Agenda of the Board of Directors
The Board meets in accordance with an annual schedule and whenever required. All Board meetings are minuted, and meetings follow a set agenda. During the 2008 fiscal year, 14 Board meetings were held. At these meetings, the Board dealt with the set points, which, in accordance with the Board’s work procedure, were to be addressed at each Board meeting, such as business status, strategy, budget, interim reports and annual financial statements. In addition, other major points of discussion were included: a new strategic focus to enable Entraction Holding to leverage over the long term its position as a supplier of systems for digital gaming, the settlement of a dispute with HQ Bank, possible structural transactions, improvements to the gaming platform, arbitration regarding the compulsory purchase of the minority holding in Entraction Solutions AB and an incentive programme for the CEO. For detailed information on remunerations to the Board and senior executives, see Note 5.
The Board's work procedure also requires it to conduct an annual assessment of the CEO's performance in comparison with established long and short-term targets and to assess the performance, working practices and decision-making procedures of the Board.
For the 2008 year of operations, Entraction Holding has not appointed particular Remuneration or Audit Committees - instead, the assignments of these committees have been dealt with by the Board as a whole.
CEO and Group Management
The CEO heads operations within the framework established by the Board at its constituent meeting. In advance of Board meetings, the CEO prepares the information and documentation necessary as a basis for decisions, presents the points of business and explains proposed decisions.
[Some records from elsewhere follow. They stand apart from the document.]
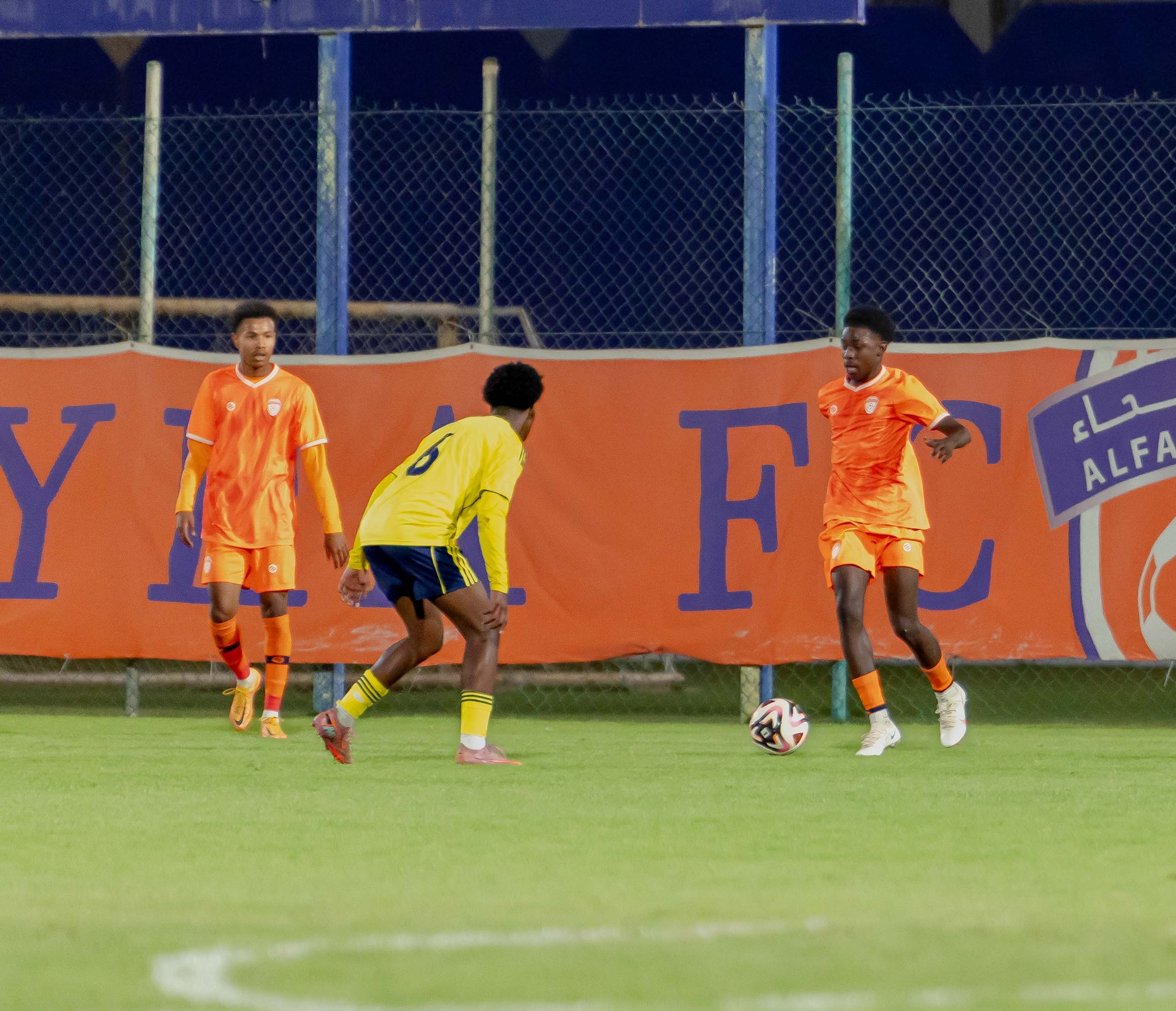 الفيحاء تحت 18 سنة يكسب لقاء نظيره نادي النصر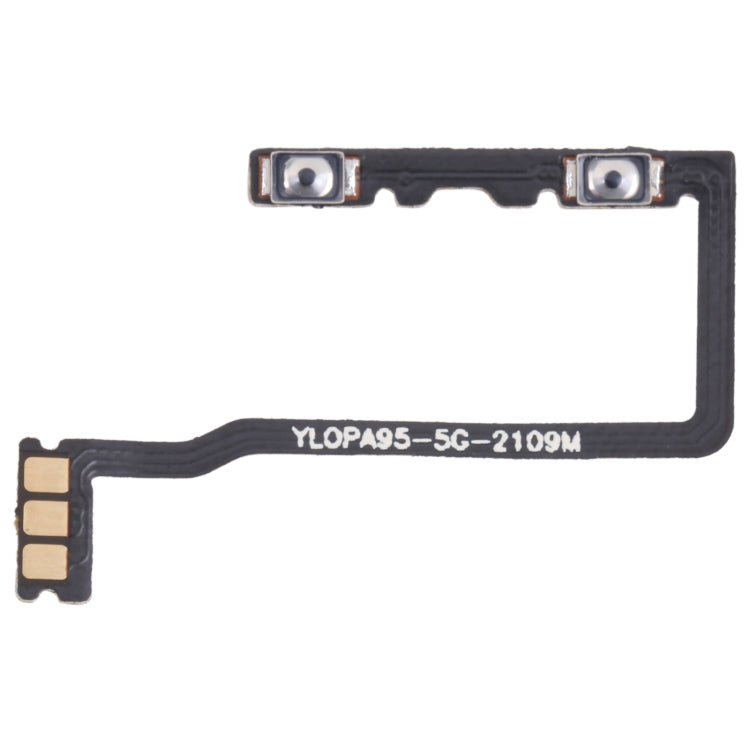 For OPPO A95 5G PELM00 Volume Button Flex Cable, For OPPO A95 5G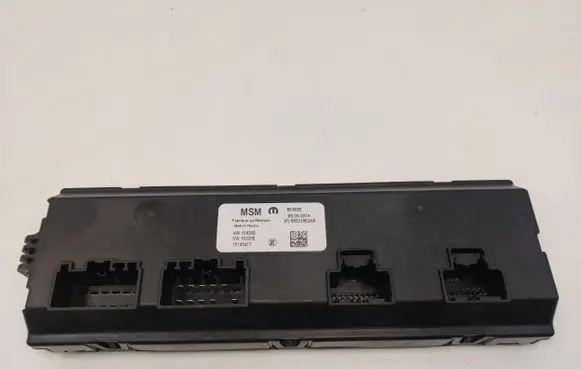 Chrysler Pacifica Seat control module 68321862AB 68159390AD 68321862AA
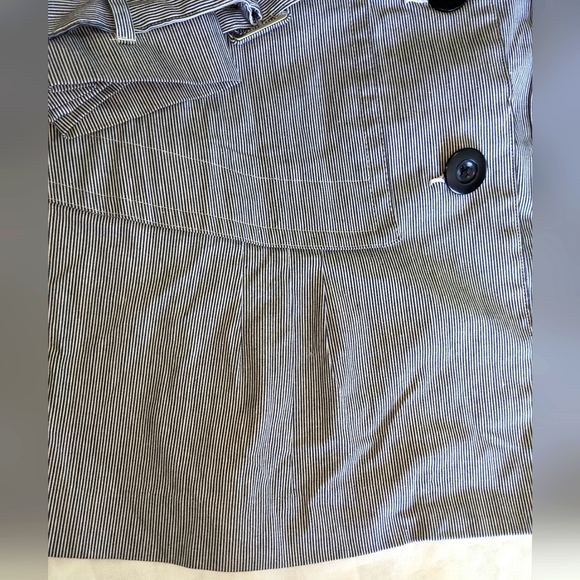 Cato Women's Three Button Striped Accent Jacket - Picture 5 of 11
The CEO leads the work of the Group Management team and makes decisions in consultation with other members of management. Group Management holds regular meetings at which strategic operational issues are discussed. In addition to these meetings, most members of Group Management meet on a daily basis. The rapid development of the company means that such daily contact is a prerequisite for functioning control and management. Group Management consists of managers for key areas of operations within the Group.
External auditors
On the AGM 2009 PricewaterhouseCoopers, with Michael Bengtsson as auditor in charge, and Mathias Carlsson, PricewaterhouseCoopers, were elected the Company’s auditors for the period until and including the AGM 2013.
The audit was presented to shareholders in the form of an auditors' report. This is in the form of a recommendation to shareholders ahead of the decision at the Annual General Meeting to approve the consolidated income statements and balance sheets and those of the Parent Company, the appropriation of the Parent Company's profits and the issue of discharge from liability for the Board and the CEO.
The Board of Directors monitors the quality of financial reporting through measures including instructions to the CEO. According to these instructions, the CEO is responsible for reviewing and safeguarding the quality of all financial reporting and for otherwise ensuring that the Board receives the reports it requires to be able to continuously assess the Group's financial position. The internal reporting and control system is based on annual financial plans, monthly reports and daily checks on key operational figures.
The CEO is also responsible for other financial information, such as press releases and presentation materials, being correct and of good quality. The interim reports for the first, second and third quarters of 2008 have not been subject to review by the Company's auditors. The Group's auditors annually report their observations from the audit to the entire board in connection with the annual accounts.